従って、押上ピン5aは自重により下がり、これに押し上げられていたロック部材5も図4(c)に示すように自重により左側の扉体3の溝3cに落ちて係合せしめられ(右側の扉体3の溝3cでは、その深い所に位置する)、自動的に施錠、ロックすることができる。
二枚の扉体3,3を開扉するに当っては、船舶Cの推進力だけで解錠することができるから、作業員の安全性の向上を図ることができるのみならず、利便性が大幅に向上する。また、電動機等扉体を自動的に開扉するための高価な機器を備えていないから、そのような機器を備えたものに比べて安価となる。
例えば、船舶Cが接触することにより自動的にロックを解除するための機構として、水平状にスライドするアームを用い、それにより押上ピン5aを押し上げる方式を採用した場合には、船舶Cの乾舷が高さ方向において異なると、前記アームの作用点が軸線上から遠くなり、正常にスライドさせにくいのみならず、アームに無理な力が掛かる。

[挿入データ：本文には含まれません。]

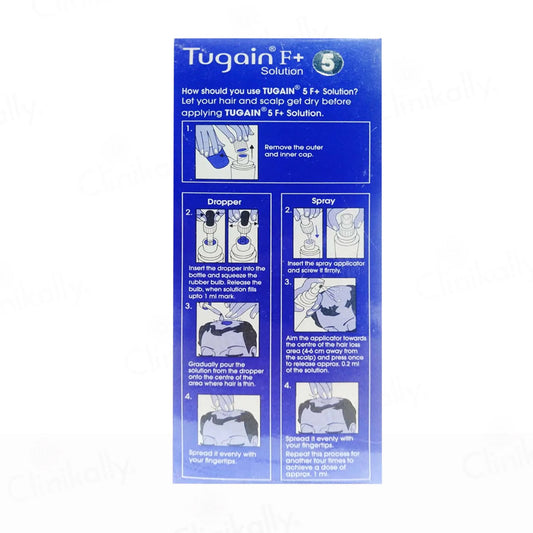 TUGAIN F+ 5% SOLUTION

これに対して、ヒンジ部材6を用いて船舶Cの接触によりそれを垂直方向に回転させる方式を採用した場合には、船舶Cが船舶保護材7を押す位置が高さ方向において多少異なっても、回動させるべきヒンジ部材6の動きに与える影響は少なく、機能が安定するので、それだけ有利である。

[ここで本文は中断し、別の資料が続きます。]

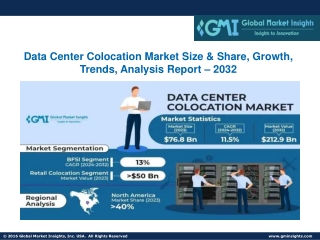 data center colocation market size share growth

例えば、船舶Cが接触することにより自動的にロックを解除するための機構として、水平状にスライドするアームを用い、それにより押上ピン5aを押し上げる方式を採用した場合には、アームが精密にスライドするようにするために製作時極めて高い精度が要求されるため、それだけ製造コストが掛かるのみならず、納期にも悪影響を及ぼしていた。
これに対して、ヒンジ部材6を用いて船舶Cの接触によりそれを垂直方向に回転させる方式を採用した場合には、上述したような高精度を要求されることはないから、それだけコストダウンを図ることができるだけでなく、納期短縮につながる。
これに対して、ヒンジ部材6を用いた場合には、変形も起こりにくいから、想定できない衝撃によりたとえ変形しても自動開閉機能の停止に直結する可能性は少ない。
この装置の最も簡単な機構は、図3及び従来例を示す図9に示すように、扉体3から吊り下げられているウエイト12を用いる場合である。すなわち、左右二枚の扉体3,3の下方にそれらに対応させてワイヤ取付金具13,13を取り付け、これによりウエイト12を吊り下げるためのワイヤロープ14を左右二枚の扉体3,3にそれぞれ定着するとともに、各ワイヤロープ14,14の途中を前記枠体2にそれぞれ取り付けたガイドローラ15,15に掛架し、各ワイヤロープ14,14の下端に、ウエイト12,12を取り付ける。本実施形態の場合も従来例を示す図9の場合も、ウエイト12を取り付ける方式は同じである。従って、同じ部材については同じ図面符号で示してある。
左右二枚の扉体3,3を押し開いて船舶Cが通過すると、ウエイト12の重みによって左右二枚の扉体3,3を自動的に閉じることができる。この場合には、扉体から吊り下げられているウエイトの重みのみの極めて簡単な機構で、開扉された扉体を自動的に閉扉することができる。
左右二枚の扉体3,3を押し開いて船舶Cが通過すると、各ウエイト12a,12aの重みによって左右二枚の扉体3,3を自動的に閉じることができる。左右二枚の扉体3,3が閉じると、図7の鎖線の位置にあった両ウエイト12a,12aは図7の実線の位置に戻る。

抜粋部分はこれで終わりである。